Saved entries
━━━━
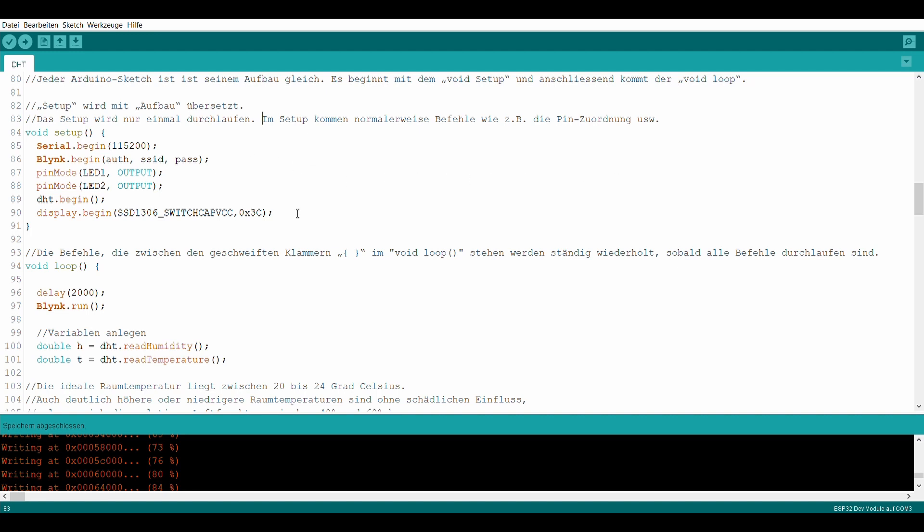In der Funktion Void-Loop wird der Sensor angesteuert. Die Befehle im Void-Loop werden ständig wiederholt, sobald alle Befehle durchlaufen sind. Mit Blynk-Run werden alle Blynk-Funktionen abgefragt. Die Daten werden alle zwei Sekunden übermittelt.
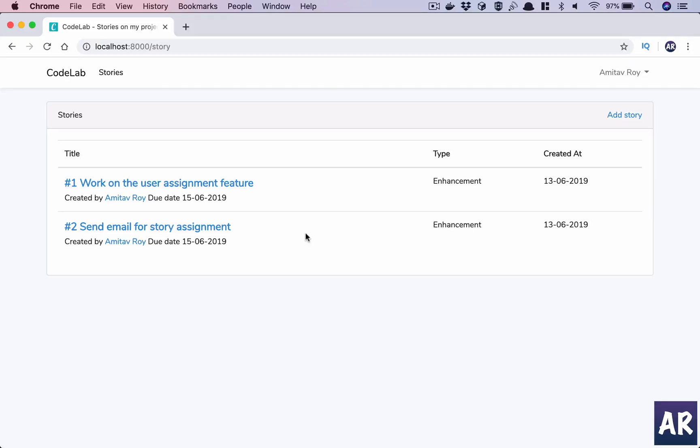Hey what's up guys, today in this video I'm going to touch upon a very interesting and important part of Laravel framework, which is working with events and listeners.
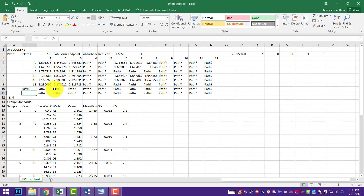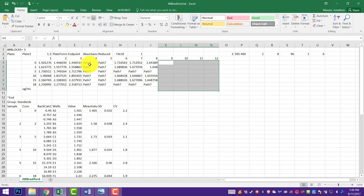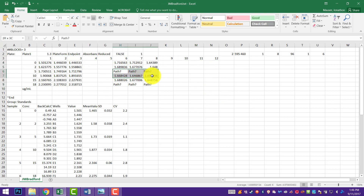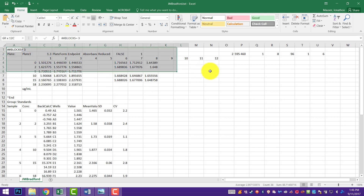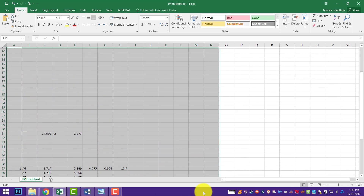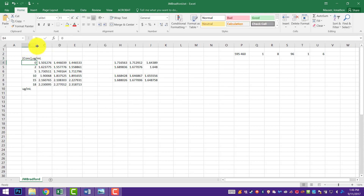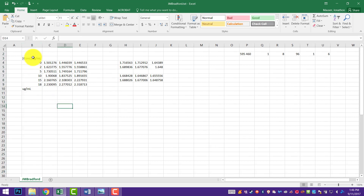I don't need this G stuff, so anything that says path in it we can clear out. I'm just cleaning it up so it's easier to see. I'm going to go ahead and call this the concentrations — micrograms per ml. You can double-click up here to expand it to match our stuff. You can see this is in triplicate. Now these guys are unknowns.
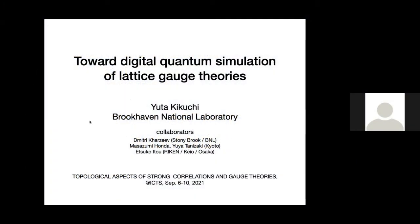It's a great pleasure to have Yuta with us. Yuta has been doing a lot of nice problems in the interface of QCD and condensed matter physics. Recently he has been thinking a lot about doing real-time dynamics, especially in gauge theories with finite theta angle using digital quantum algorithms, and he will tell us more about it today. Please go ahead.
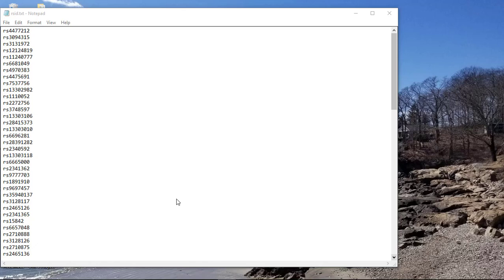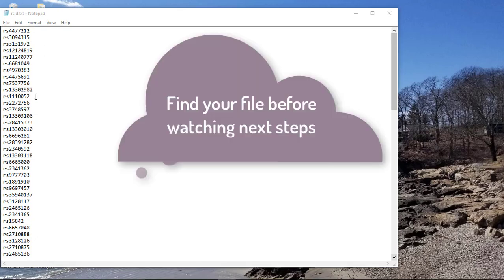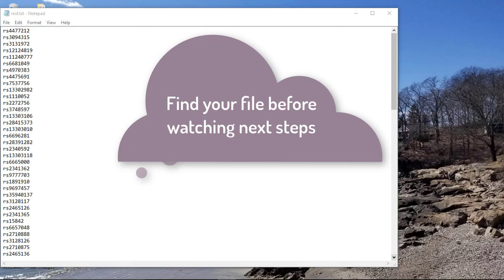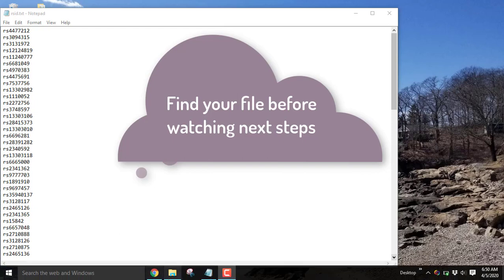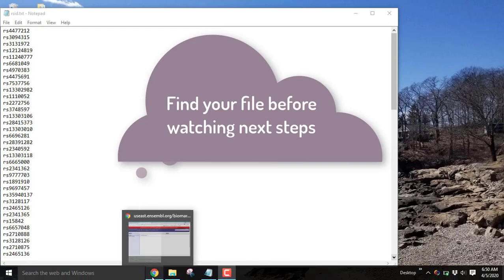Last week you produced a file that looks a lot like the file on my screen, rsid.txt. It's a list of the first 100 RS numbers from a typical 23andMe file. Each of these RS numbers we're going to use today to do a search, so make sure before you watch this video and follow along that you know where your file is. You may have called it call.txt or mycall.txt, but you should have a file from Canvas, and you can always download what you submitted to Canvas onto your computer.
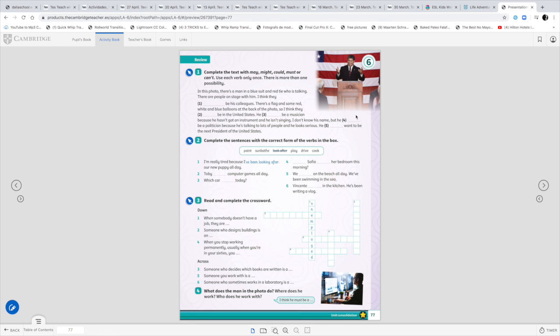You will have the answers to these different exercises in the next lesson so you can correct them. And today, you can correct the exercises from last week. In the next box, you will find the corrections.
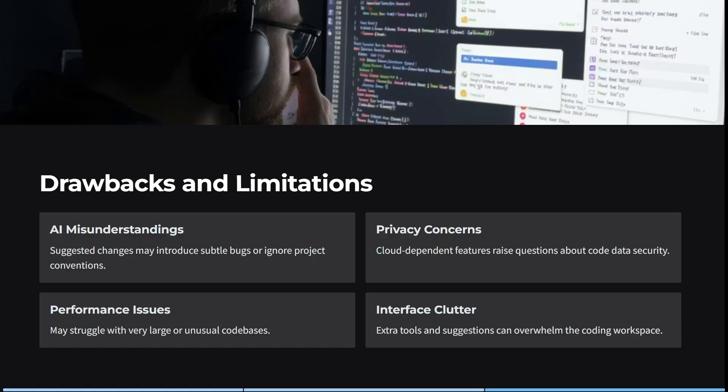Does it have any limitations? Yes, of course. Some of the suggested changes may introduce subtle bugs or ignore project conventions. It is cloud dependent, which does raise some privacy concerns. There have also been some performance issues when dealing with very large or unusual codebases. And with all the suggestions being made while you're coding, it can be slightly overwhelming if that's not an environment you're used to.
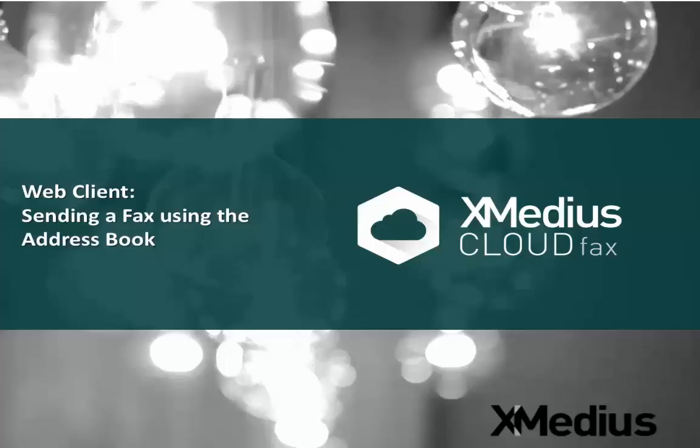Welcome to the XMedius series of tutorial videos. Today's topic is the XMedius Cloud Fax web client, sending a fax using the address book.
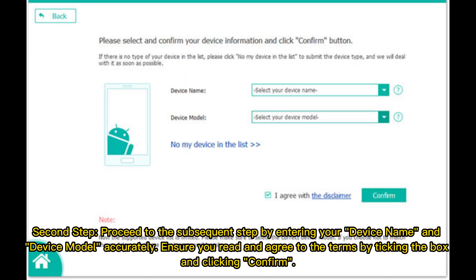Second step: proceed to the next step by entering your device name and model accurately. Ensure you read and agree to the terms by ticking the box and clicking Confirm.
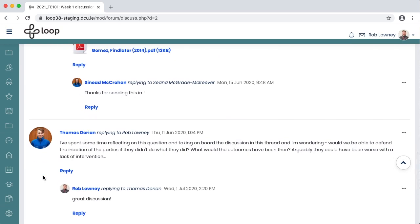So that is the Discussion Forum in Loop — a fantastic tool for supporting asynchronous discussion among students that allows you to keep track of their contributions to the forum, allows you to grade their contributions if you so wish, and gives both you and students flexibility in different types of contributions. For more information, please visit the Loop Staff Support page.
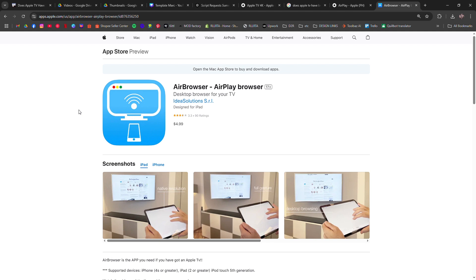Until Apple officially adds a browser, screen mirroring remains the best option.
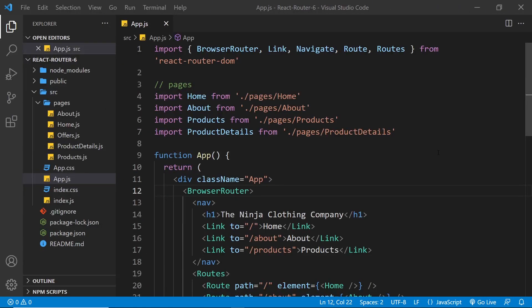We could also create conditional redirects based on certain criteria. For example, you might have a website with an authentication system where a user can be logged in or out — you might want to redirect users who are logged out away from protected pages. Another example would be an e-commerce website where if a user tries to go to forward slash checkout but there are no products in their shopping cart, you redirect them to a product page. So let's do a simple example based on that kind of checkout scenario.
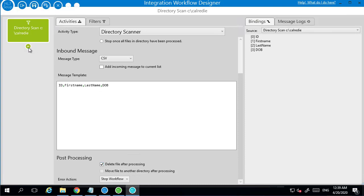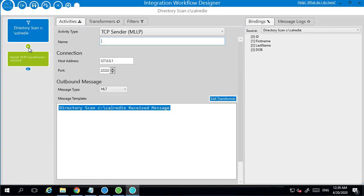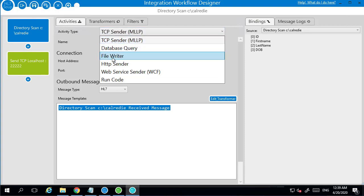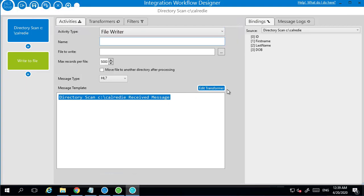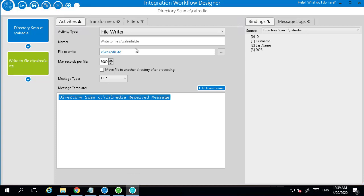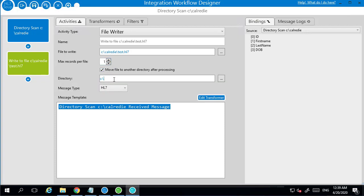As a second step, we are going to add a file writer in. We're going to write it back into C CalReady, call it test.hl7. We'll change it to one record per file and we're just going to move it to another directory after we've processed it. We'll stick with this C CalReady but we'll call this process.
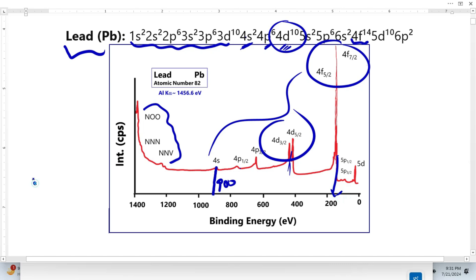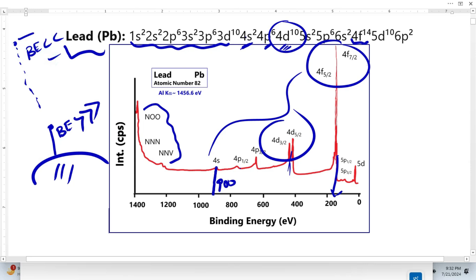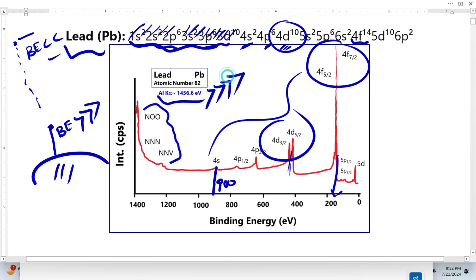This confirms the principle: electrons closer to the nucleus have greater binding energy, while electrons farther away have less binding energy. The reason the innermost core electrons do not appear in the lead survey spectrum is that they have very high binding energy, and the available X-ray source energy range is not sufficient to generate photoelectrons from those core levels.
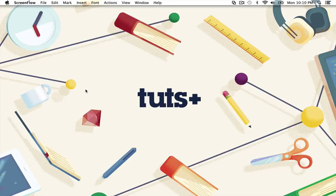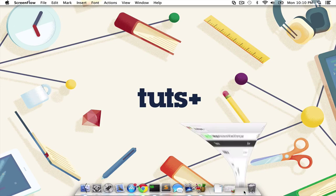So you can begin to transition your skills from Objective-C over to the Swift programming language and begin to build your applications that way. To learn more about Swift, you can head over to the iOS developer library at developer.apple.com and read more about what Swift is, take a quick tour of the language, and read the full language guide and language reference. I definitely urge you throughout this course to go through a couple of lessons, work through the examples, and then come back to this documentation, because ultimately this is where all of the information is going to live.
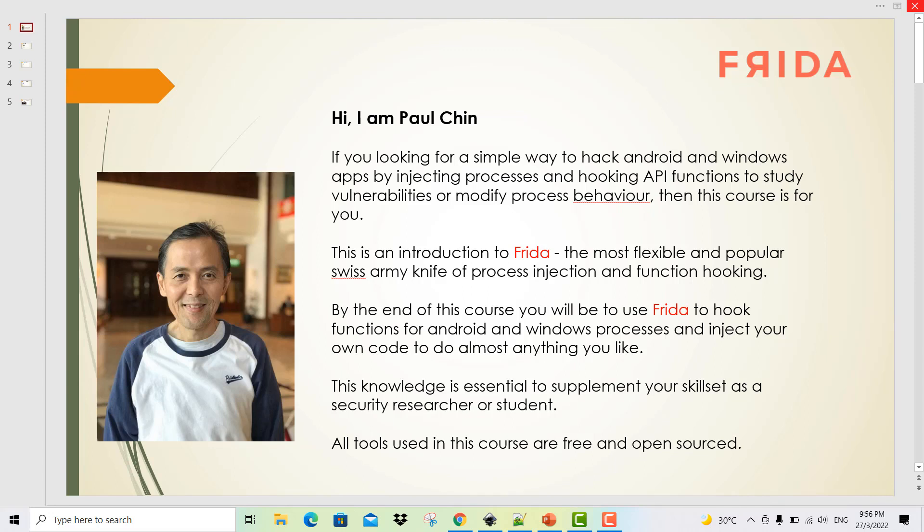By the end of this course, you will be able to use Frida to hook functions for Android and Windows processes and inject your own code to do almost anything you like. This knowledge is essential to supplement your skill set as a security researcher or student. All tools used in this course are free and open source.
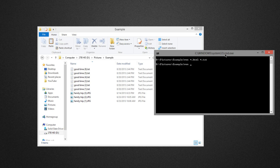I'll do it again with my JPEG files: ren asterisk dot jpeg, space, asterisk dot png. Press Enter and you can see all my JPEG files were switched to PNG files.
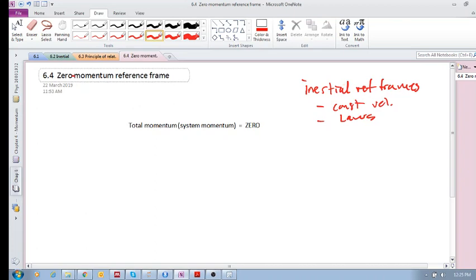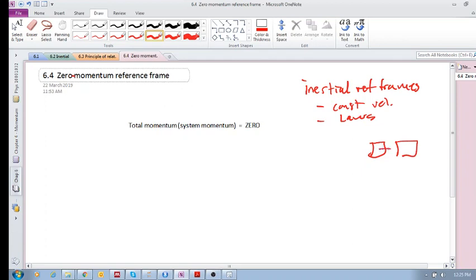How do you change your reference frame? You just change the velocity that you are moving when you are observing a collision or whatever. If an object is moving at a certain speed relative to Earth and you want to change your reference frame so that various calculations are simpler, you would change your velocity relative to Earth, which would then make calculations when two objects interact a lot simpler.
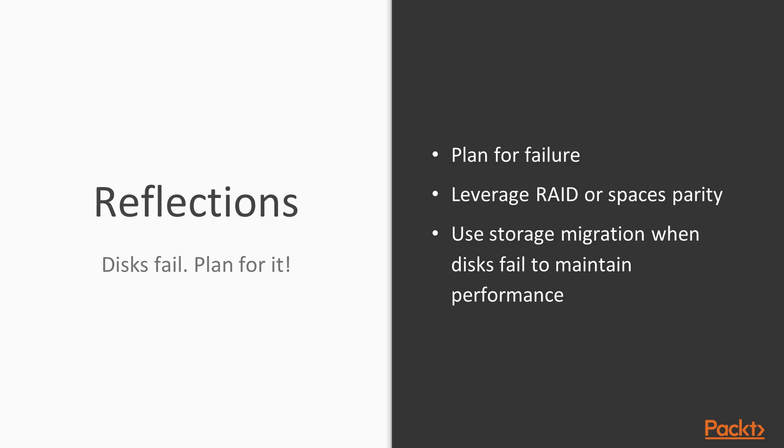So a few important concepts in this lesson. First, drive failures are very likely and you should plan for it by using hardware, RAID or spaces, mirror or parity features. When a drive in a volume fails, you can use storage live migration to move the disks or a VM to a healthy volume without any interruption to the VM hosted on that volume.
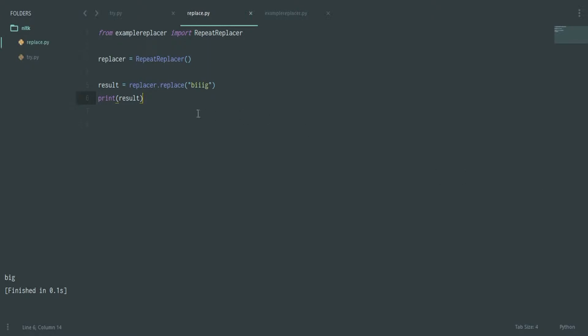Hey guys, this is RocketRace back with another tutorial. In this video I'll be talking about repeat replacer — something that will replace words with a lot of repeated letters, remove them, and give back the original word that is meant to be given.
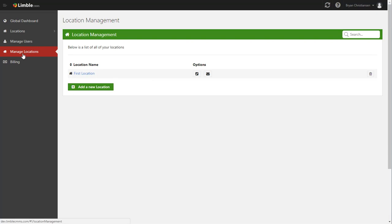So to get started, go to the manage locations tab. Now if you don't see that here, that means that you're not a super user and you don't have the privileges to manage locations. So go talk to whoever set up Limble and either have them make you a super user or have them come in and actually make the changes.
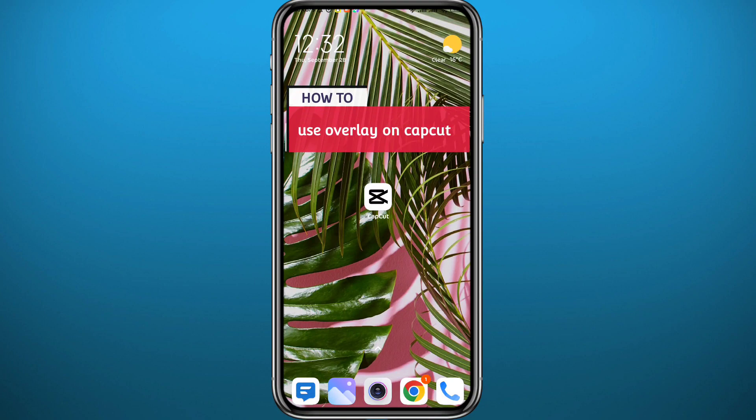Hey guys and welcome back to the channel. If you've been wondering how you can use the overlay feature on CapCut to add videos or pictures on top of your videos or pictures, depending on what you choose as a background, you're in the right place.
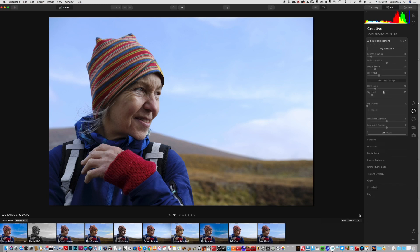AI sky replacement is brand new in Luminar 4. When I first heard about it I was a little skeptical. Replacing skies is not always what I do in my photos, but I do recognize that there are times where it's useful.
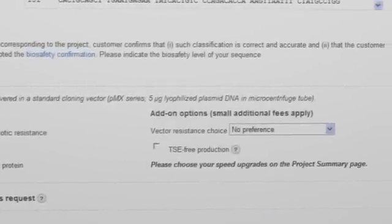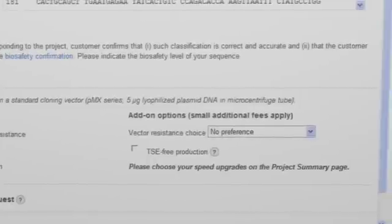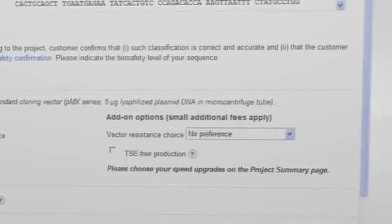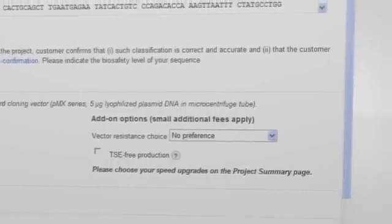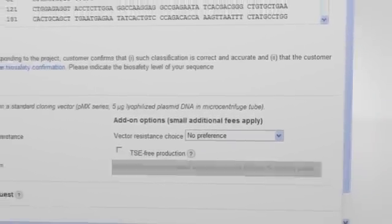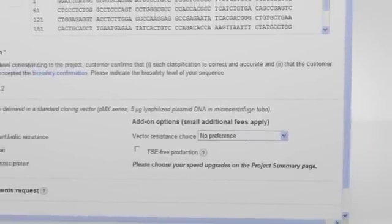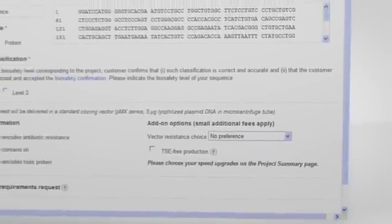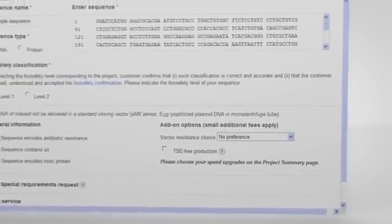Note that Express or SuperSpeed service can be chosen later in the process on the Project Summary page before adding your project to the cart.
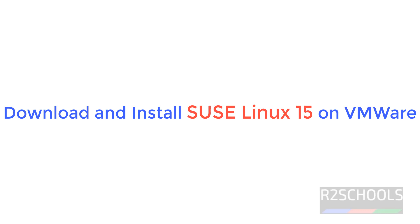Hello guys, in this video we will see how to download and install SUSE Linux 15 version on VMware Workstation.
━━━━
## THE TASK
Starting with the line that has "So to get started, go" and going on through the line that has "Hey guys and", transcribe the records above exactly, but skip the pictures.

## RESPONSE TO THIS TASK
So to get started, go to the manage locations tab. Now if you don't see that here, that means that you're not a super user and you don't have the privileges to manage locations. So go talk to whoever set up Limble and either have them make you a super user or have them come in and actually make the changes.
Hey guys and welcome back to the channel. If you've been wondering how you can use the overlay feature on CapCut to add videos or pictures on top of your videos or pictures, depending on what you choose as a background, you're in the right place.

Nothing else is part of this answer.